The issue of Obama’s role arose when a blogger for National Review raised questions about his relationship with Ayers, a favorite election-year target of conservatives. The blogger felt quite sure that the pair were much closer than Obama intimated when he said he knew Ayers "from the neighborhood" where both live. The blogger hinted darkly that the pair were really ideological soul mates and that Obama was aligned "with Ayers’s radical views on education issues."
You'll notice the term "blogger" is used twice. Now, this so called blogger is of course Stanley Kurtz. Here is a brief bio of Kurtz.
Stanley Kurtz is an adjunct fellow of Hudson Institute and a fellow at the Hoover Institution with a special interest in America's "culture war." In addition to his regular contributions to National Review Online, Kurtz's writings on the family, feminism, homosexuality, affirmative action, and campus "political correctness" have appeared in Policy Review, The Wall Street Journal, and Commentary.
Before turning his attention to America's cultural battles, Kurtz was a social scientist specializing in family life and religion. He received his Ph.D. in social anthropology from Harvard University and later taught at Harvard, winning several teaching awards for his work in a "Great Books" program. Kurtz was also Dewey Prize Lecturer in Psychology at the University of Chicago.
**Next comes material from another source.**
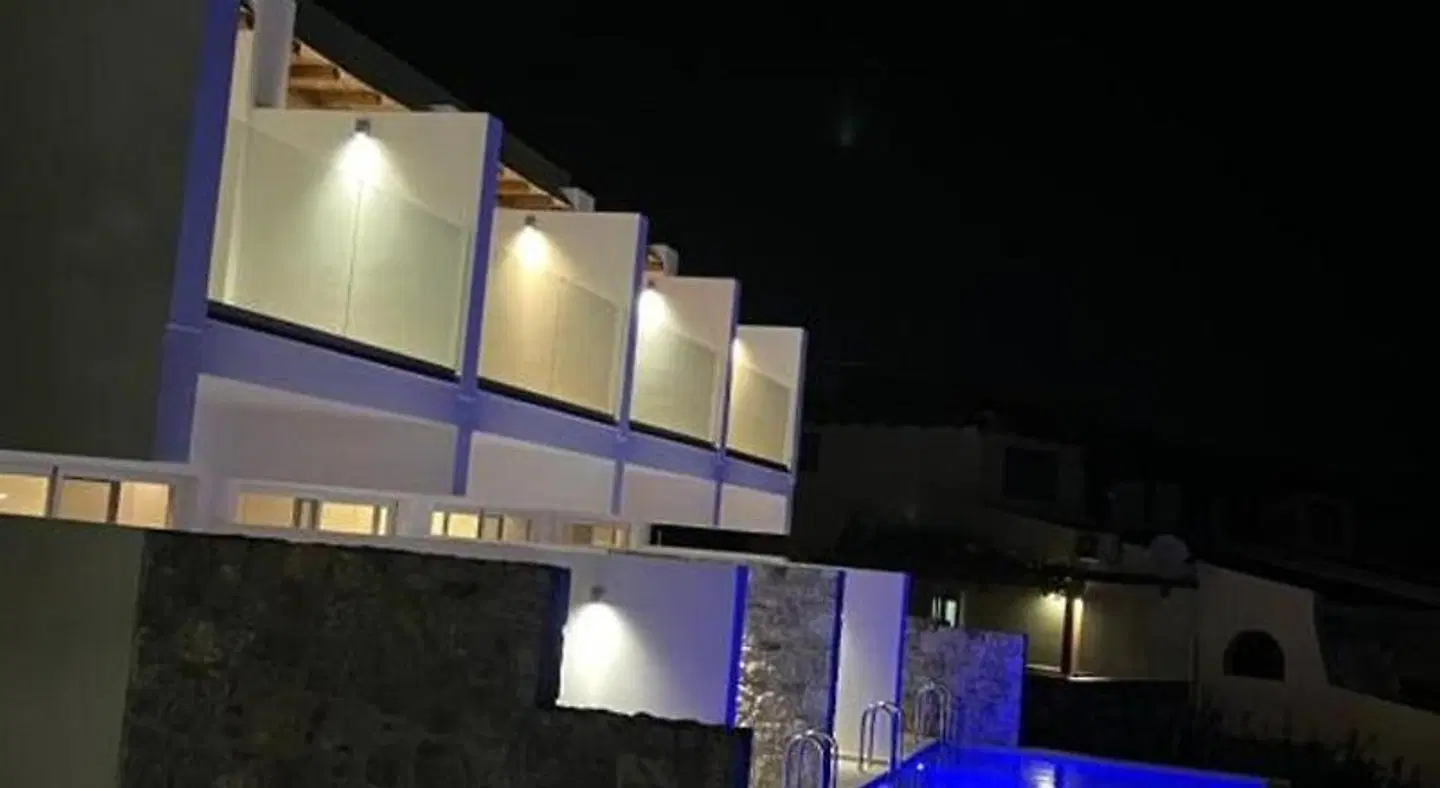 Johannes Apartments EXTERIOR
So, of course, Kurtz is a lot more than merely a blogger. Yet, not only is he never mentioned by name, itself totally condescending, but his extensive writing, intellectual, and policy career is dismissed and never mentioned. This is of course no accident. Had Kurtz been presented as a syndicated columnist and member of a think tank as well as an editor with the National Review, he would have had much more credibility than simply being referred to as a "blogger". Now, when you attack the messenger in such a misleading way, I am weary of your own attack. Here is the substance of Lenz, herself a member of the education community in Chicago, defense of the Obama, Ayers and their time at Annenberg.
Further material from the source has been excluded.